You grew up in Texas and Hong Kong before moving to South Korea when you were twelve years old. To what extent did you experience culture shock in that moment? What type of school did you attend, and did you forge enduring friendships with new classmates?

I started sixth grade at a public school in Korea, and that was a huge culture shock not only because of the academic pace and intensity, but because I did not know much of the pop culture that was hugely popular with my peers in Korea (this was before the export of K-pop). Before long I was obsessively reading manhwa (Korean comics), watching all the popular shows, listening to K-pop and attending after-school study institutions called hagwon and was very much the average Korean student. When I think about it, the adjustment was quite drastic and fast. I am still in touch with my middle-school friends from that time, and I’m so grateful for my experience in Korean public school – it really gave me so much material to write about and is the reason why I identify as being from Korea so strongly.

Public school in Korea was a huge culture shock not only because of the academic pace and intensity, but because I did not know much of the pop culture that was hugely popular with my peers.”

How did your work as travel and culture editor for CNN in Seoul help to shape this novel, and what role did writing workshops and courses play in helping you complete it?

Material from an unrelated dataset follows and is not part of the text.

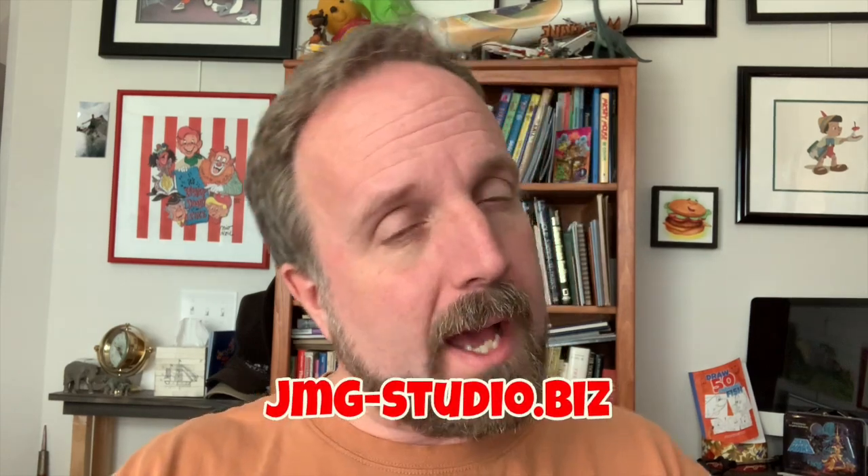Hey, it's John Mark and thanks for checking out my latest drawing videos on teaching you how to draw cartoons in one, two, and three easy steps. Did you know by learning how to do these cartoons I've been teaching you, you're becoming a better artist with your sketching? That sketching technique is actually going to help you become a better artist so you're not just a cartoonist, you're an artist.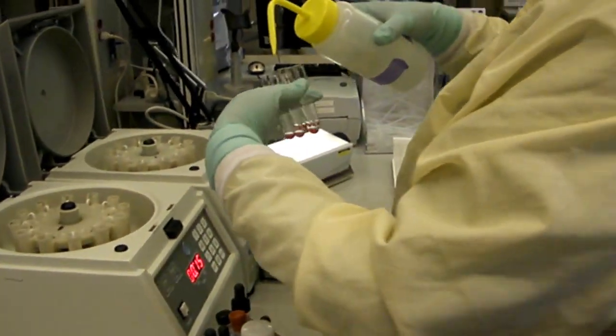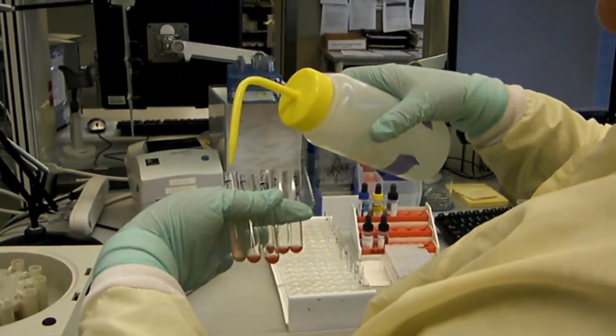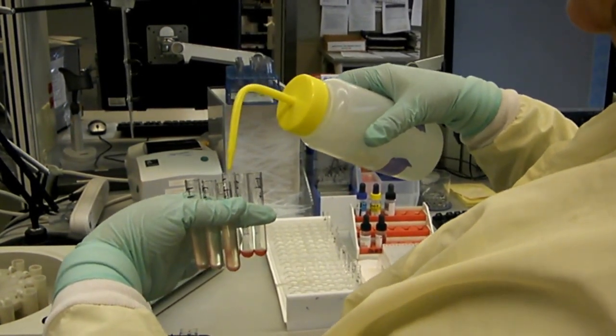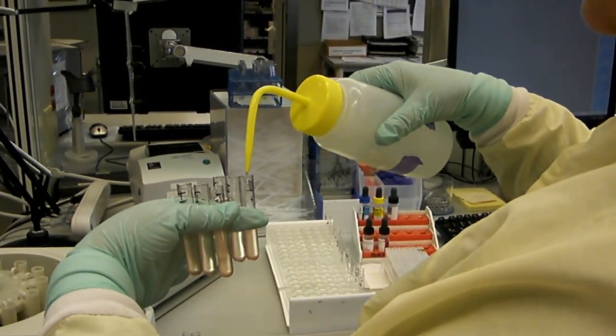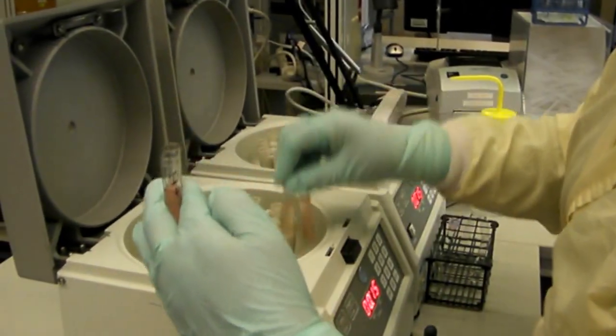She's going to do hand washing where she's going to fill the tubes 2 thirds to 3 quarters full with saline. Now she will spin them for 60 seconds to make a button again.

My work at CNN was the best training I could have asked for in writing the book – not only because I learned to write on deadline and become completely OK with ‘killing my darlings’ because I went through a very brutal editing process every three hours or so, but it was also essential practice in writing about Korea for a Korean audience, and learning how to contextualise Korean culture and history for a readership that didn’t necessarily know a great deal about Korea. After I left CNN, I relied on weekly workshops for the deadlines, and for testing out how much I could get away with not explaining or defining concepts and words and just relying on context. That kind of feedback was very necessary and helpful.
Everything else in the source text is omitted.